Required action:
Please print the line that holds "Plugger - Câble IEC Europe..." and each line after it to the end of the data, word for word, without any pictures.

Records to process:
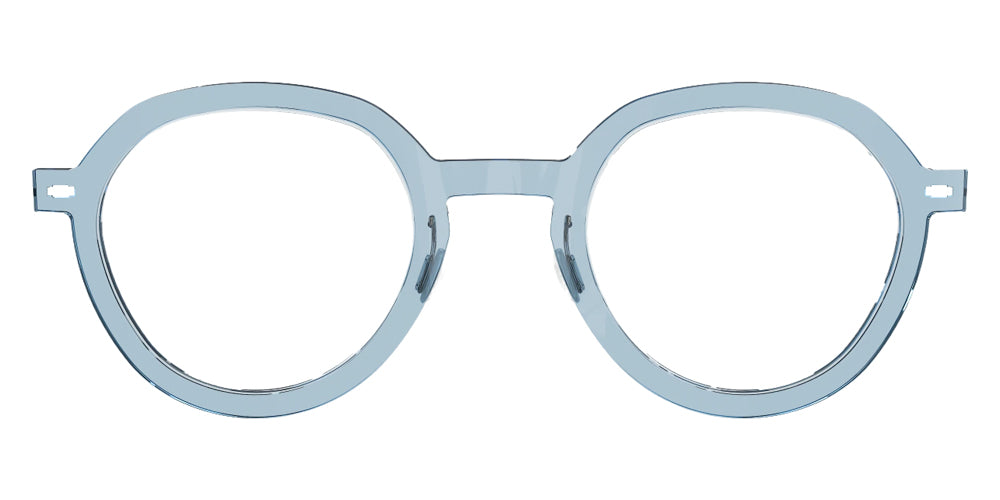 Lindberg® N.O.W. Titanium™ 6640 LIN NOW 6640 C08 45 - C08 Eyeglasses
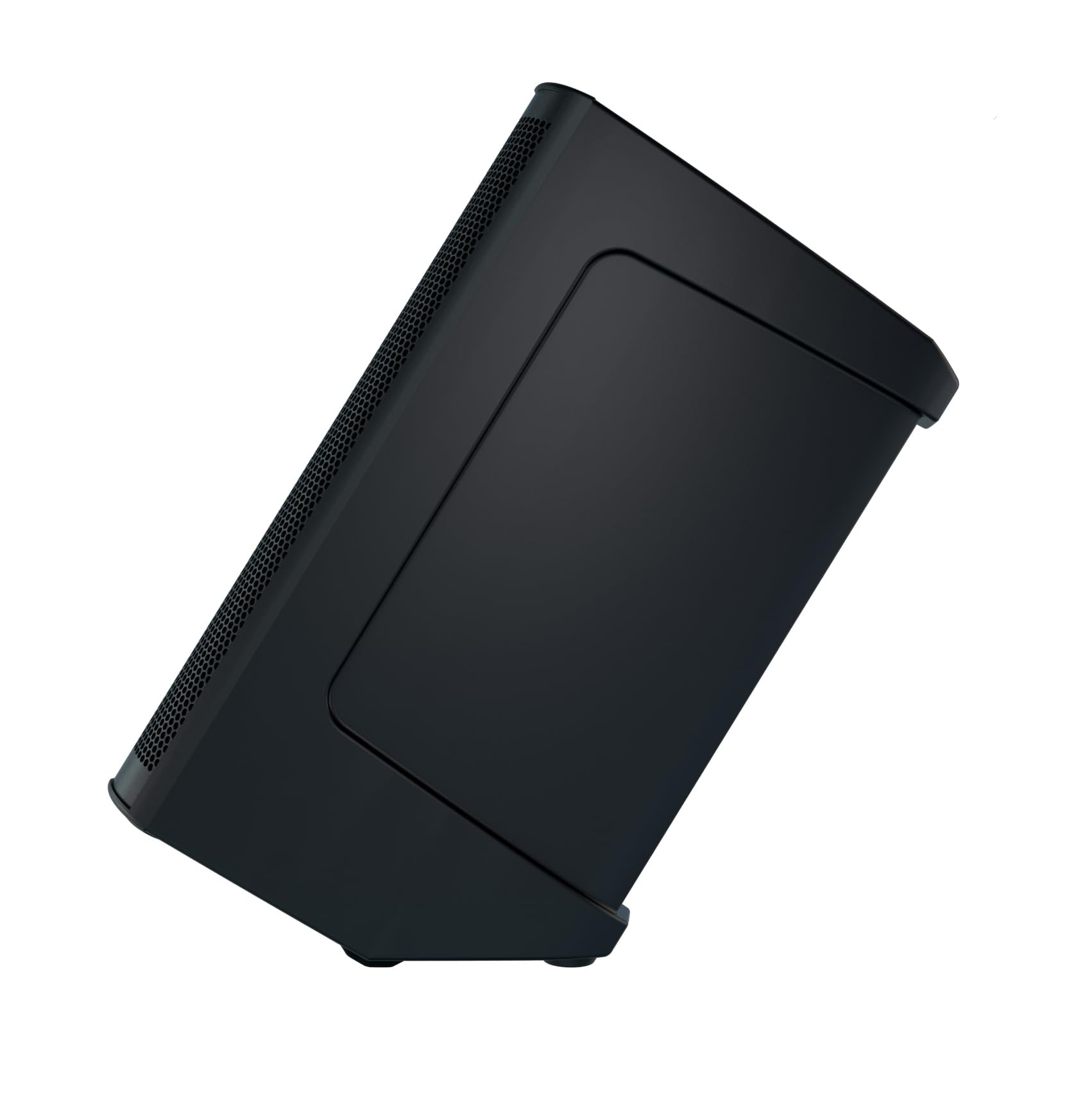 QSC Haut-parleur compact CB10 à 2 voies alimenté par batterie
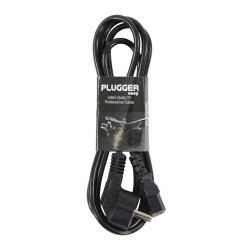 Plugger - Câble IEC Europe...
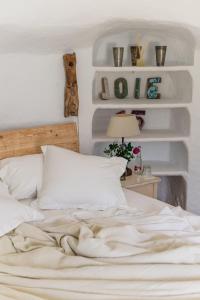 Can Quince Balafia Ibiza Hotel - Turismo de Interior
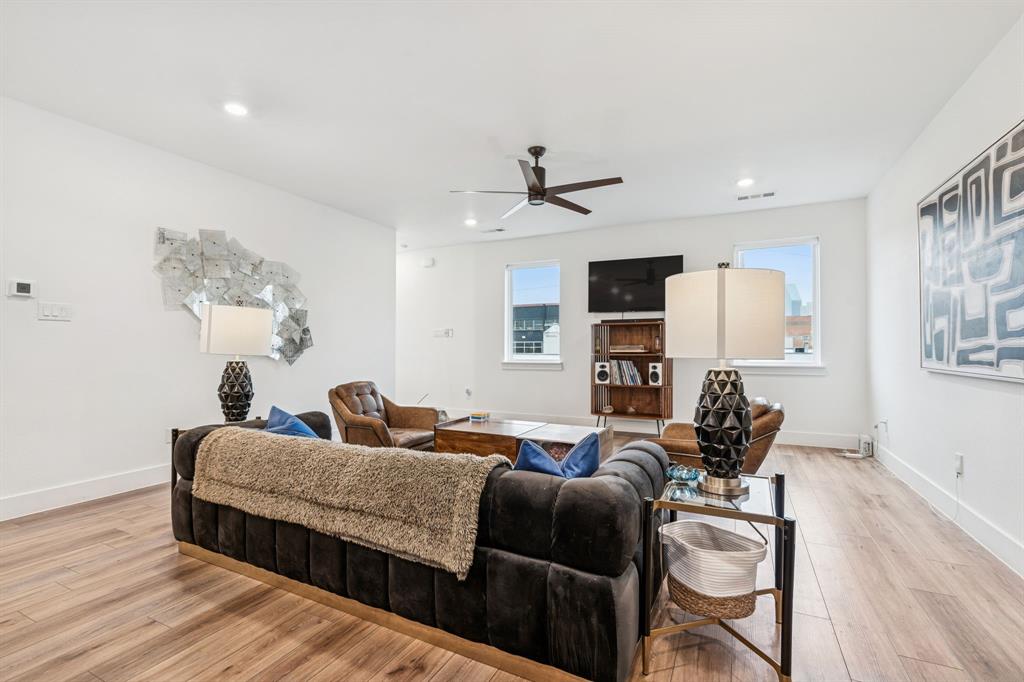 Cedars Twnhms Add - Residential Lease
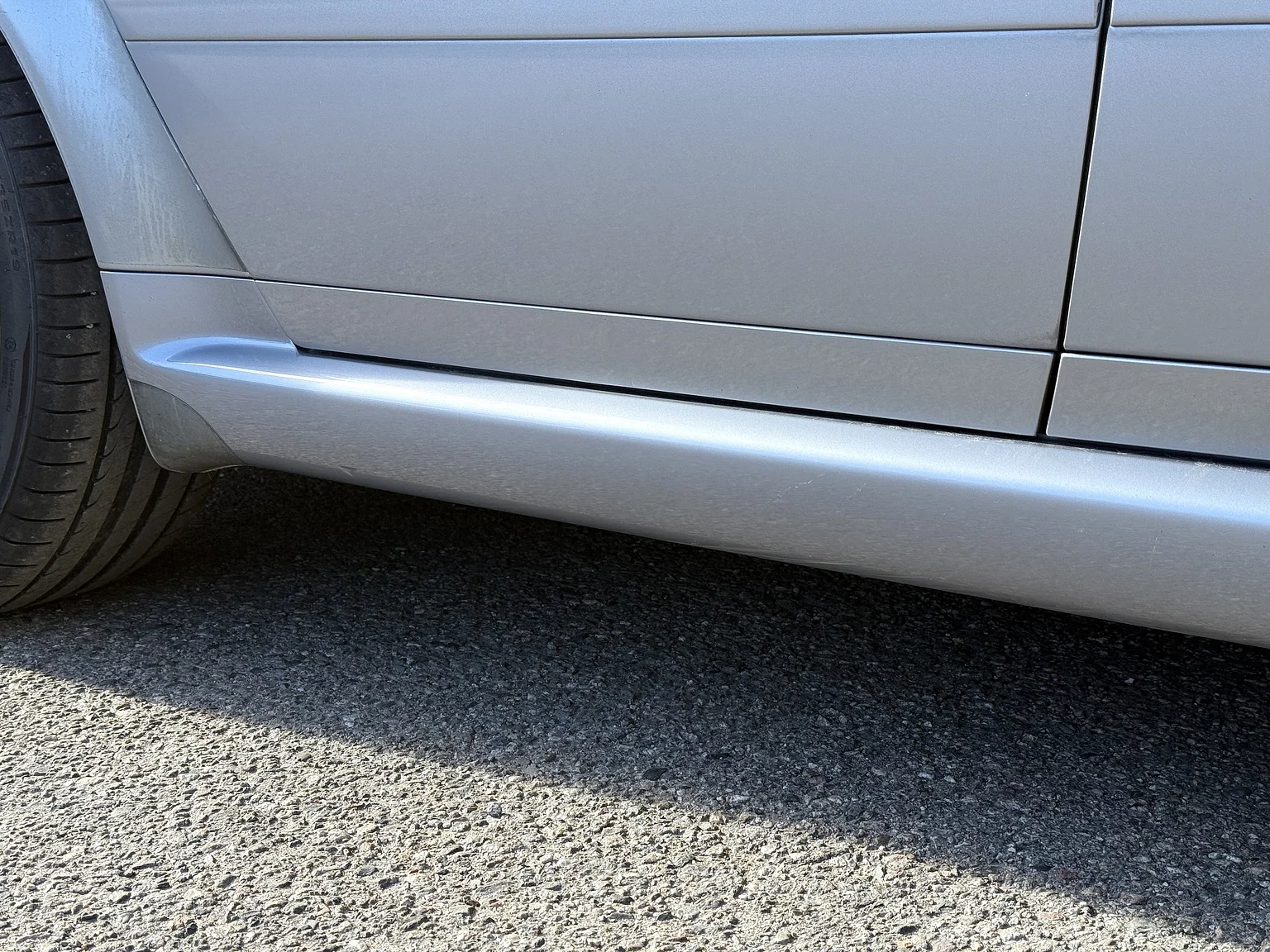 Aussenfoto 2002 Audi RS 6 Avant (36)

Answer space:
 Plugger - Câble IEC Europe...
 Can Quince Balafia Ibiza Hotel - Turismo de Interior
 Cedars Twnhms Add - Residential Lease
 Aussenfoto 2002 Audi RS 6 Avant (36)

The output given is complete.